Figure 8 – Cappillary pressure measurements

The capillary curves obtained for samples at three different depths show the irreducible water saturations ranging from 23.6% to 28.9%, which is in line with the range obtained by the relative permeability measurements.

Formation Evaluation

The static reservoir pressure obtained by the bottomhole sidewall-rock measurement at different depths of the shallower zone of the Barra Velha Formation is plotted in Figure 9. The linear relationship between the reservoir pressure and depth in a thick interval of 93 m (305 ft) is a clear indication of hydraulic continuity in the entire zone.

Oil-water contact was identified at a depth of 5,143 m (16869 ft). The pressure gradient is 0.074 kgf/cm2/m (0.321 psi/ft) in the oil zone and 0,110 kgf/cm2/m (0,477 psi/ft) in the water zone.

Figure 9 – Reservoir pressure gradiente – Well 4-BRSA-1047-RJS

The oil gravities for fluid samples at four different depths, measured from the top to the bottom of the oil zone, are very close to each other (26.5 °API on average), as shown by the yellow dots in Figure 9. This indicates a lack of gravity segregation in the reservoir. A plausible explanation for the oil homogenetization in the large interval may lie in the effect of natural thermal convection in the entire naturally fractured system.

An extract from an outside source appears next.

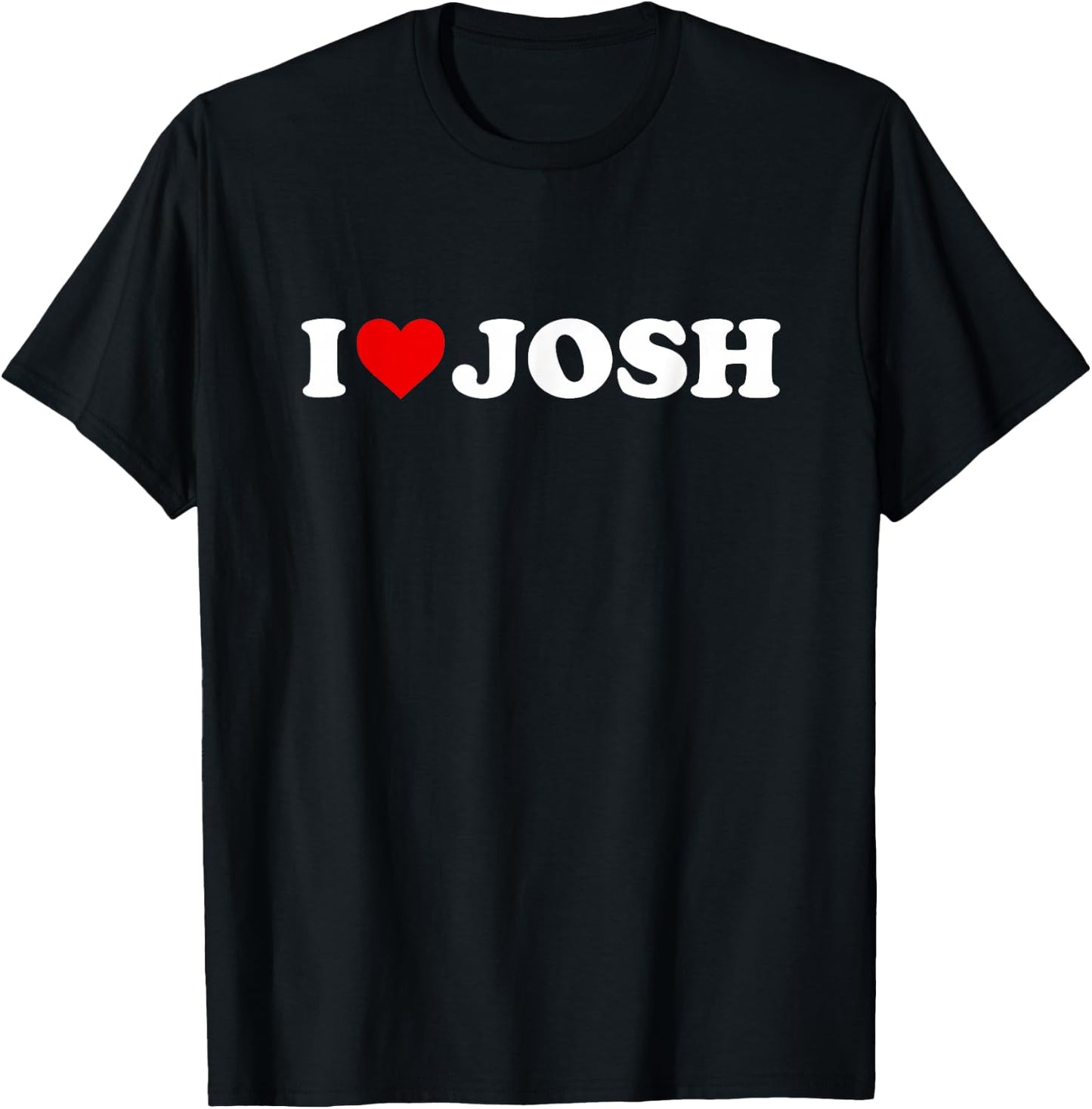 I Love Josh - Heart T-Shirt - T-Shirt | Black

The well test analysis of the drill stem test (DST) executed in the interval of 5,060m (16,597 ft) to 5,122 m (16800 ft) provided the following results:

The oil gravity measured by the DST was 28.8 °API, which is a little higher than the measurements of the wireline formation test. The Gas-Oil Ratio (GOR) was 210 std m³/std m³. No water production was observed.

The CO2 content was 18%, obtained from the compositional analysis of the separated gas, performed on the drilling rig.

PVT Analysis

The PVT analysis was performed with oil samples collected during the DST. The compositional analysis of the oil, gas and reservoir fluid is shown in Figures 10, 11, and 12, respectively.

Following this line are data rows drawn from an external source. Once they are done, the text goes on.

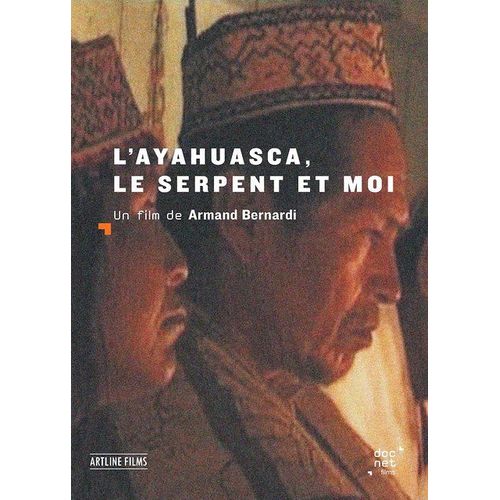L'ayahuasca, Le Serpent Et Moi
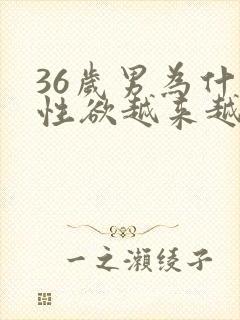 36岁男为什么性欲越来越强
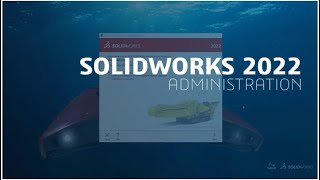 SOLIDWORKS 2022 - Administration | Engineering Technique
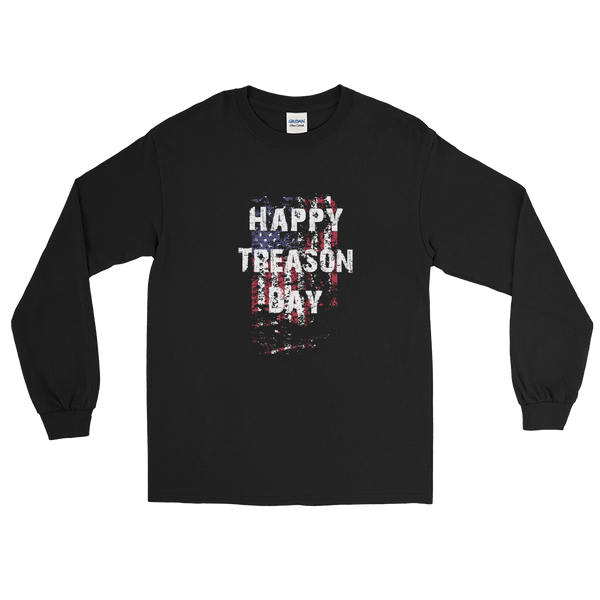 Happy Treason Day Fourth of July Men’s Long Sleeve Shirt - Proud Libertarian - Proud Libertarian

Figure 10 – Oil compositional analysis – Well 4-BRSA-1047-RJS
Figure 11 – Gas compositional analysis – Well 4-BRSA-1047-RJS
Figure 12 – Reservoir fluid compositional analysis – Well 4-BRSA-1047-RJS

The CO2 content in the gas phase was 17.05%, which is very consistent with the DST measurement. On the other hand, the reservoir fluid holds CO2 content of 12.9%.

The oil gravity is 27.15 °API and the reservoir temperature is 62.2 °C.

The bubble point pressure was 375.6 kgf/cm² (5341 psia), showing a fairly high degree of undersaturation based on the initial reservoir pressure of 553.3 kgf/cm² (7868 psia) obtained by the DST.

The primary PVT properties (formation volume factors of oil and gas and solubility ratio) are shown in Figures 13 to 15.

Figure 13 – Oil formation volume factor – relationship with pressure below and above bubble point
Figure 14 – Gas formation volume factor for the gas liberated below bubble point
Figure 15 – Solubility ratio – constant above bubble point and declining below bubble point

The stabilized GOR after flash liberation was 282.8 std m³/std m³ (1588 scf/stb), contrasting with the solubility ratio of 235.9 (1323 scf/stb), above the bubble point. 

The relationships of oil and gas density and viscosity with pressure, as well as the Z gas compressibility factor,  are also provided in tables in the BPS Geodatabase.

Final Remarks
 A better understanding of the rock and fluid characteristics of the the carbonate reservoirs of the Barra Velha Formation in Santos Basin can be achieved via integrated wellbore analysis using data from laboratory petrophysics, logging, formation evaluation and PVT.

The analysis of petrophysical data available in the BPS Geodatabase has shown strong evidence that the producing zones of the microbialite carbonates behave as a naturally fractured system.

Moreover, the relative permeability measurements indicate that the producing zones show oil wettability.

The irreducible water saturation determined by the relative permeability experiments and the centrifuge capillary pressure method are in line with each other.

The pressure gradient determination from the wireline formation test confirms hydraulic continuity across the whole oil producing zone, which can be seen as an effect of the naturally fractured system.

The PVT analysis provides the fluid composition and the PVT parameters that are essential for resource evaluation and dynamic flow simulation.